CA Aix-en-Provence, ch. 3-2, 26 septembre 2024, n° 20/01144

AIX-EN-PROVENCE

Arrêt

Autre

CA Aix-en-Provence n° 20/01144

26 septembre 2024

COUR D'APPEL D'AIX-EN-PROVENCE

Chambre 3-2

ARRÊT AU FOND

DU 26 SEPTEMBRE 2024

N° 2024/242

Rôle N° RG 20/01144 - N° Portalis DBVB-V-B7E-BFPZQ

[J] [U]

C/

SAS MILVINS

PROCUREUR GENERAL

Copie exécutoire délivrée

le :

à :

Me Florent LADOUCE

Me James TURNER

PG

Décision déférée à la Cour :

Ordonnance du Tribunal de Commerce de FREJUS en date du 20 Janvier 2020 enregistrée au répertoire général sous le n° 2019005609.

APPELANT

Maître [J] [U]

Membre de la SCP [U], agissant en sa qualité de liquidateur judiciaire de la société MILVINS, SAS immatriculée au RCS de FREJUS sous le n° 810 445 353 , demeurant [Adresse 2]

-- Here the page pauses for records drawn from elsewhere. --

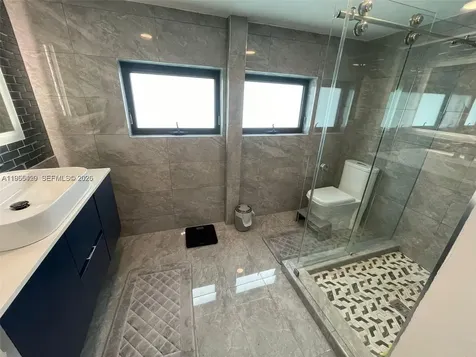 18441 NE 21st Avenue North Miami Beach FL 33179
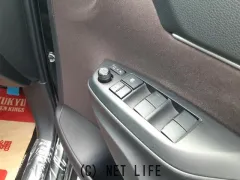 トヨタ ヤリスクロス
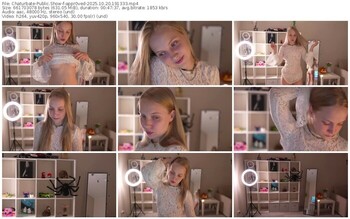 chaturbate-appr0ved-10-20-2025-19-13-33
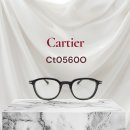 마린뷰안경 이미지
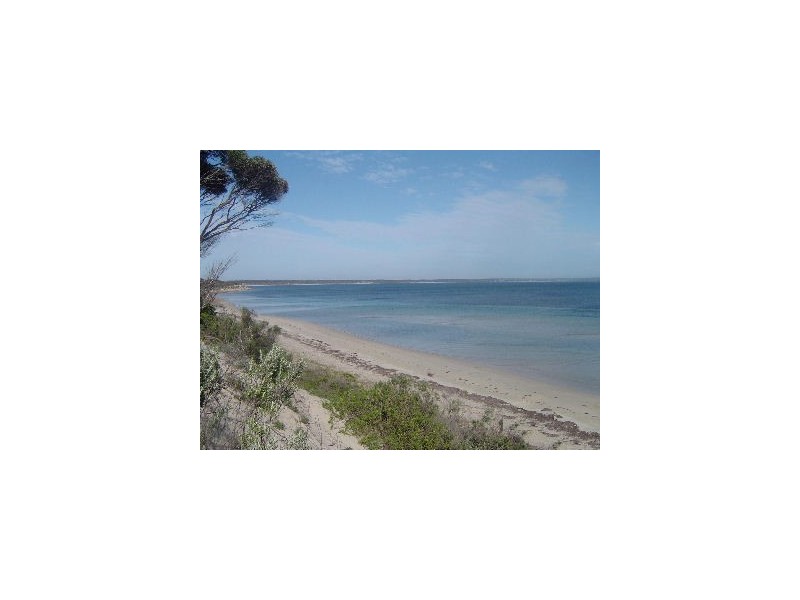 Lot 173 Hog Bay Road, Baudin Beach SA 5222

représenté par Me Florent LADOUCE, avocat au barreau de DRAGUIGNAN

INTIMÉS

SAS MILVINS,

dont siège social est [Adresse 1], prise en la personne de son représentant légal domicilié es qualité audit siège

représentée par Me James TURNER, avocat au barreau de TOULON

Monsieur LE PROCUREUR GENERAL,

demeurant Cour d'Appel - [Adresse 3]

défaillant

*-*-*-*-*

COMPOSITION DE LA COUR

En application des dispositions des articles 805 et 907 du code de procédure civile, l'affaire a été débattue le 04 Juillet 2024, en audience publique, les avocats ne s'y étant pas opposés, devant Madame Gwenael KEROMES, Président de chambre, chargé du rapport.

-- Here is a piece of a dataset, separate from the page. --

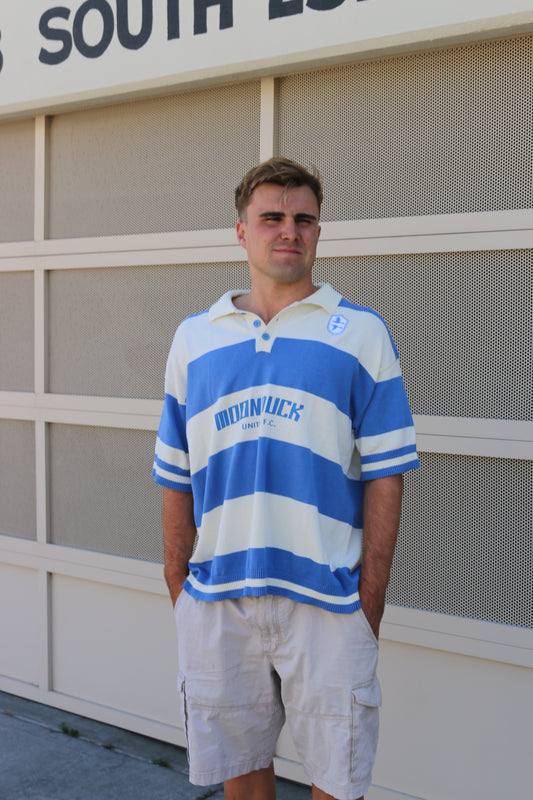 Moonduck Polo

Ce magistrat a rendu compte des plaidoiries dans le délibéré de la Cour, composée de :

Madame Gwenael KEROMES, Président de chambre

Madame Muriel VASSAIL, Conseiller

Madame Agnès VADROT, Conseiller

Greffier lors des débats : Madame Chantal DESSI.

MINISTERE PUBLIC :

Auquel l'affaire a été régulièrement communiquée.

ARRÊT

Réputé contradictoire,

Prononcé par mise à disposition au greffe le 26 Septembre 2024

Signé par Madame Gwenael KEROMES, Président de chambre et Madame Chantal DESSI, greffier auquel la minute de la décision a été remise par le magistrat signataire.

***

EXPOSE DU LITIGE

La SAS Milvins a été créée en mars 2015.

Par jugement du 7 janvier 2019, le tribunal de commerce de Fréjus a ouvert une procédure de liquidation judiciaire à l'égard de la SAS Milvins, fixé la date de cessation des paiements au 06 décembre 2018 et désigné Me [J] [U] de la SCP [U], en qualité de liquidateur judiciaire.

Par jugement rendu le 20 janvier 2020, le tribunal de commerce de Fréjus, saisi sur assignation du liquidateur judiciaire délivrée le 30 octobre 2019, aux fins de report de la date de la cessation des paiements, a :

- débouté celui-ci de ses demandes,

- maintenu la cessation des paiements au 6 décembre 2018,

- condamné Me [J] [U] de la SCP [U] ès qualités de liquidateur judiciaire au paiement de la somme de 500 euros à la SAS Milvins au titre de l'article 700 du code de procédure civile,

- déclaré les dépens comme frais privilégiés de la procédure collective.

Me [J] [U] membre de la SCP [U] agissant en qualité de liquidateur judiciaire de la SAS Milvins a interjeté appel de la décision le 23 janvier 2020.

Par conclusions n°1 déposées et notifiées par RPVA le 02 avril 2020, Me [J] [U] représentant la SCP [U], agissant ès qualités de liquidateur judiciaire de la SAS Milvins demande à la cour :

- d'infirmer le jugement en toutes ses dispositions,

- de débouter la SAS Milvins de ses demandes,

A titre principal,

- de constater l'état de cessation des paiements de la SAS Milvins à la date du 31 décembre 2017,

- reporter la date de cessation des paiements au 31 décembre 2017,

A titre subsidiaire,

- constater l'état de cessation des paiements de la SAS Milvins à la date du 1er juin 2018,

- reporter la date de cessation des paiements au 1er juin 2018,

En tout état de cause,

- ordonner les mesures de publicité prévues par l'article R641-9 du code de commerce.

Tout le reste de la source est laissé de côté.